Thai prime minister eyes free trade

REGIONAL PACT Thaksin Shinawatra will meet with Australian Prime Minister John Howard this week to discuss the formation of an agreement that would benefit Asia

REUTERS , CANBERRA

Thai Prime Minister Thaksin Shinawatra is expected to arrive for his first visit to Australia this week, clutching the blueprint for a free-trade pact as Asia Pacific nations increasingly embrace bilateral deals.

Thaksin and Australian Prime Minister John Howard are likely to signal the start of talks for a free trade agreement (FTA) during his visit to Canberra and Sydney on Thursday and Friday.

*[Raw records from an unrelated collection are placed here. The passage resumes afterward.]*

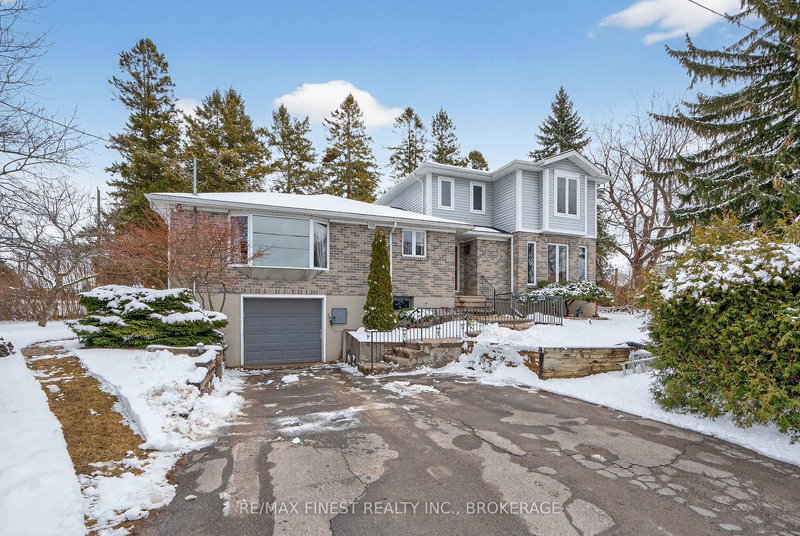 757 Front Rd, Kingston, K7M 4L6 | Image 3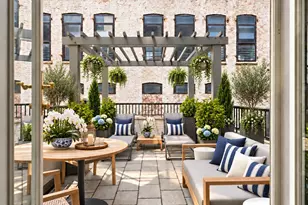 32 E 22nd St, New York, NY 10010 - Photo 3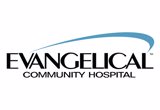 Evangelical Community Hospital’s Echocardiography Service Earns Reaccreditation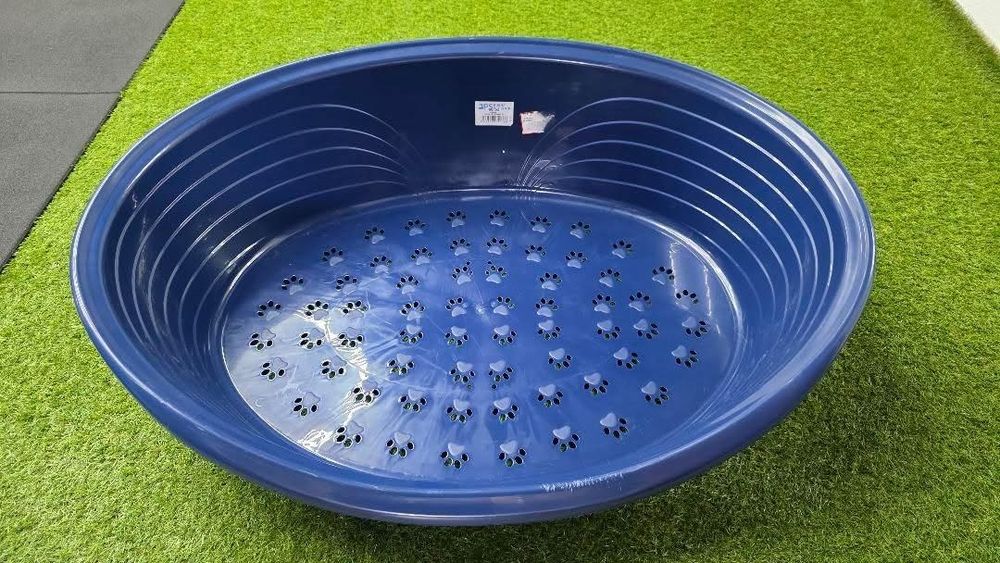 Casota para cães  e cama XL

This would be the latest in a growing list of bilateral free trade talks under way in the Asia-Pacific region where almost every government is talking to at least one other government, slowly creating a patchwork of overlapping trade deals.

Australian Trade Minister Mark Vaile, who was in Thailand last week to make final preparations for the leaders' meeting, said he was optimistic that talks would start, adding impetus to the drive to open up markets in the region.

"Hopefully [they'll] announce that we are going to begin engagement in a negotiation ... the indications are quite favourable," Vaile told reporters during a teleconference.

Thaksin arrives in Canberra on Thursday morning where he will hold a joint news conference with Howard and attend an official lunch in the national parliament before heading to Sydney.

Over the past three years the Asia-Pacific region, which accounts for almost 50 percent of world trade and output, has started heading towards a large free trade area in a different way to Europe and North America, with a bilateral focus.

"These things were born out of frustration after Seattle and they are all focused on achieving an outcome which is moving faster towards integrating economies of the world," Vaile said. WTO free trade talks in Seattle collapsed three years ago.

HSBC's chief economist John Edwards said there were many deals on the table but no one in charge, no single model, and no co-ordination of the discussion -- although collectively these small, bilateral agreements could be significant.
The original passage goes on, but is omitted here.